I’m so tired, my tired is broken.
I have cotton brain. And I ache. And, from time to time, I well up in tears.
What’s wrong with me?
My husband — who’s in about the same shape as me, except that he doesn’t cry about it — and I are the full-time caregivers for my 90-year-old mother.
It’s not the 90-year-old part of the equation that’s getting to us. The terror that rules our days and devours our nights is a little thing called dementia.
Personally, I think somebody should come up with a better word for it than “dementia.” That word is too soft-sounding, pleasant even, ending as it does on that soft “chuh.” Dee-men-chuh; one would never guess that these three soft syllables name a brain-pulverizing monster that destroys personality and companionship, one disconnecting synapse at a time.
Dementia is a lot of things, among them hallucinations that convince Mama that we’re trying to kill her, or that people come into her room at night and tell her she’s a horrible person, or that the people on tv are talking about her. Dementia takes sleep out of her life and replaces it with constant prowling and pacing. Dementia destroys her ability to swallow so that watching her eat a meal is a stomach-churning trial. Dementia takes away her capacity to read, so that this woman who could read a huge book in a single evening now laboriously sounds out road signs and then can’t put the sounds together to form words.
Dementia is the gift that keeps on taking. Day by day, it carves off pieces of her and leaves us with the confused effects of the loss.
There is no resting place with dementia. Someone asks me how my Mama is doing, and I answer with a brief summary of the last few hours. That’s all I have. Good days can go bad in a single breath. Then, when I’m standing on my last hope, bad days can quiet down and give a bit of peace.
Dementia takes, then it gives back part of what it took. But it never returns everything. And the next day, it takes a bit more. It can go on gradually like that for a few days, then, in one swoop downward, you enter a new level of low.

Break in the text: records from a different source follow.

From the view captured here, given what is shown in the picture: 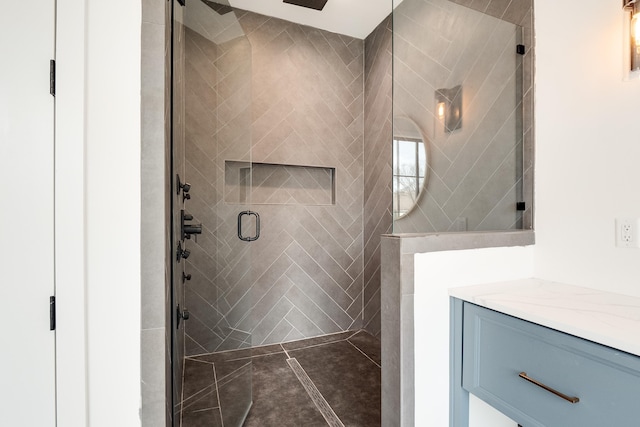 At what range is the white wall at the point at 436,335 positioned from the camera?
118 centimetres

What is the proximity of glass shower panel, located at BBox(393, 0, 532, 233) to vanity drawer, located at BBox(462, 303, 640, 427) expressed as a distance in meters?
0.59

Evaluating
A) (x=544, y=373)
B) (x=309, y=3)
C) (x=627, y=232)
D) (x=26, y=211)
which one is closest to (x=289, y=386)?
(x=544, y=373)

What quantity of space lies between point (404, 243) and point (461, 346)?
0.47m

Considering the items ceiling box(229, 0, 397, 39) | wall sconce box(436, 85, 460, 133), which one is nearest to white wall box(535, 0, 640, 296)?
wall sconce box(436, 85, 460, 133)

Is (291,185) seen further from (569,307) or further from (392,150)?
(569,307)

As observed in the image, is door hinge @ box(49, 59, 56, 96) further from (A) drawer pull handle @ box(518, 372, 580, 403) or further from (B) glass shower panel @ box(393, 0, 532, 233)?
(A) drawer pull handle @ box(518, 372, 580, 403)

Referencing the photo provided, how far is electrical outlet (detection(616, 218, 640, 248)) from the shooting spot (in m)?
1.17

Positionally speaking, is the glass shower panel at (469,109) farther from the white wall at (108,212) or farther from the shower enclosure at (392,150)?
the white wall at (108,212)

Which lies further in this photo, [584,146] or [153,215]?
[584,146]

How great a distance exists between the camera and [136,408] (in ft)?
2.73

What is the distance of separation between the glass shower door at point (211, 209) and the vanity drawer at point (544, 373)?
1053 mm

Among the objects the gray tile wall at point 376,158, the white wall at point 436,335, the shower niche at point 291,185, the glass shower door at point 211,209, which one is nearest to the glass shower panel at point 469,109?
the white wall at point 436,335

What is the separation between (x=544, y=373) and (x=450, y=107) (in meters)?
1.24

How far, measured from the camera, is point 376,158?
2.99 m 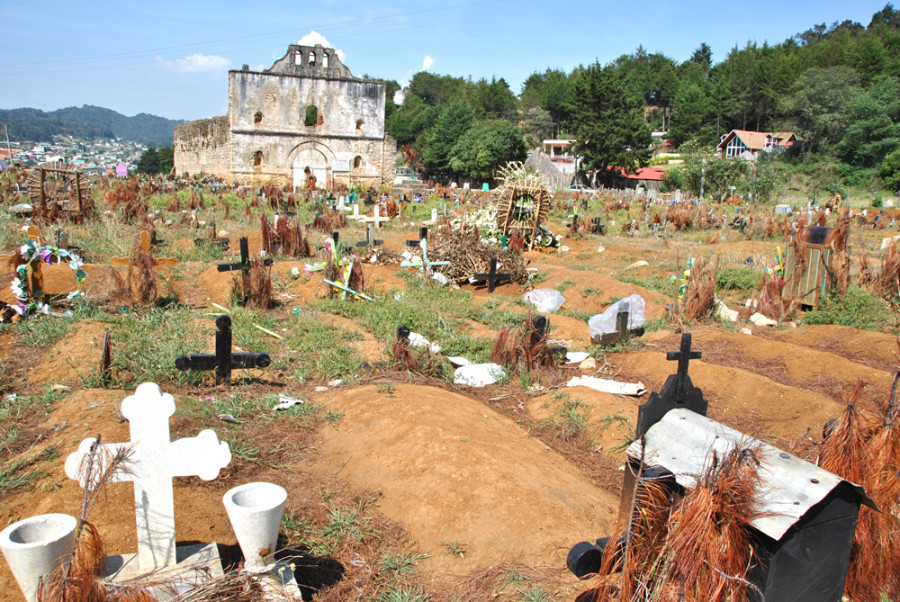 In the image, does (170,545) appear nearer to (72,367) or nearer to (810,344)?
(72,367)

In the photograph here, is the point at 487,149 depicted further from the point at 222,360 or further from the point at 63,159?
the point at 222,360

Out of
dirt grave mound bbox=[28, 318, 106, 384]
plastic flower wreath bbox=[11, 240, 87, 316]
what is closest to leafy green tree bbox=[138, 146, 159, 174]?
plastic flower wreath bbox=[11, 240, 87, 316]

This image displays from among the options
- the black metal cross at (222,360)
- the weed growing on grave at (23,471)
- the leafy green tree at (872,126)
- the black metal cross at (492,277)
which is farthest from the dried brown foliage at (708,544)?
the leafy green tree at (872,126)

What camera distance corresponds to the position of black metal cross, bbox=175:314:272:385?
207 inches

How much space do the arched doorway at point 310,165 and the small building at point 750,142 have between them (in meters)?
36.6

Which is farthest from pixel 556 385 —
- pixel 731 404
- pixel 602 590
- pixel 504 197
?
pixel 504 197

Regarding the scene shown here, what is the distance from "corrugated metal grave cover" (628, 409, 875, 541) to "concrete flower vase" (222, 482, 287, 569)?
1.55m

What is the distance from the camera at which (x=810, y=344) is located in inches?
314

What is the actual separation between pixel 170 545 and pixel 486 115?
82482 millimetres

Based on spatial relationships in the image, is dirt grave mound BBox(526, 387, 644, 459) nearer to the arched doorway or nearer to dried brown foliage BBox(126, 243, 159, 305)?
dried brown foliage BBox(126, 243, 159, 305)

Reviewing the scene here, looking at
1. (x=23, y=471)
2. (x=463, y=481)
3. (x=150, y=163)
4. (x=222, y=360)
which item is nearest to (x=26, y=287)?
(x=222, y=360)

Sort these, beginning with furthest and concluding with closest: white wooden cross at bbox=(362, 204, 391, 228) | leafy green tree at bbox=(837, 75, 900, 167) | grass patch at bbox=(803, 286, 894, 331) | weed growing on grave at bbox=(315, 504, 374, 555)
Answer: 1. leafy green tree at bbox=(837, 75, 900, 167)
2. white wooden cross at bbox=(362, 204, 391, 228)
3. grass patch at bbox=(803, 286, 894, 331)
4. weed growing on grave at bbox=(315, 504, 374, 555)

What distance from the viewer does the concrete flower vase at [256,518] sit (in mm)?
2400

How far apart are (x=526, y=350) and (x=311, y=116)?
32.1 m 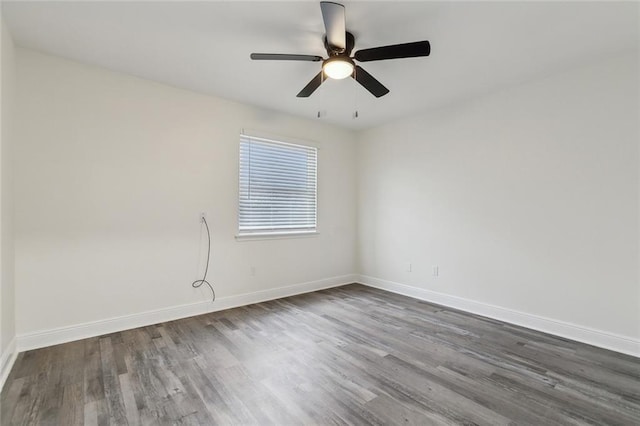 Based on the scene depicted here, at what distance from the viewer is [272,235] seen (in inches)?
160

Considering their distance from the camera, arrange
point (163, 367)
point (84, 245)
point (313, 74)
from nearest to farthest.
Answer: point (163, 367) < point (84, 245) < point (313, 74)

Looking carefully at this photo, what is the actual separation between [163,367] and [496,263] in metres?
3.51

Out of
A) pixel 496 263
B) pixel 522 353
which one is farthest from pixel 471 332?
pixel 496 263

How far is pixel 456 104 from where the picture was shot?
3.74 metres

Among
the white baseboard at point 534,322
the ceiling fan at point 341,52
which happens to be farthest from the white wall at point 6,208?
the white baseboard at point 534,322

Time was, these changes occurred over the course of months. Then it shortened to weeks. Now, we are at days. Mama is on a steep slide now, going down faster than I can cope. Every week seems to bring a new disaster, another lurch downward.
We had one of those sudden drops this week. Mama managed to get up at night without waking me. She made her bed and got dressed. She gets dressed over and over all night, every night, so there was nothing new in that. Then, she wandered into her bathroom and did something. I’m not sure what.
All I know is that something woke me and I found her on the sofa, covered in blood. The bathtub was a bloody mess. And the soap dish, which is ceramic and attaches to the wall, was broken in half, with the pieces lying on the bottom of the tub.
Long story short, she’s all stitched up and doing ok except she complains that her head hurts and can’t figure out what those staples in her head are all about. Me? I’m still dealing with it.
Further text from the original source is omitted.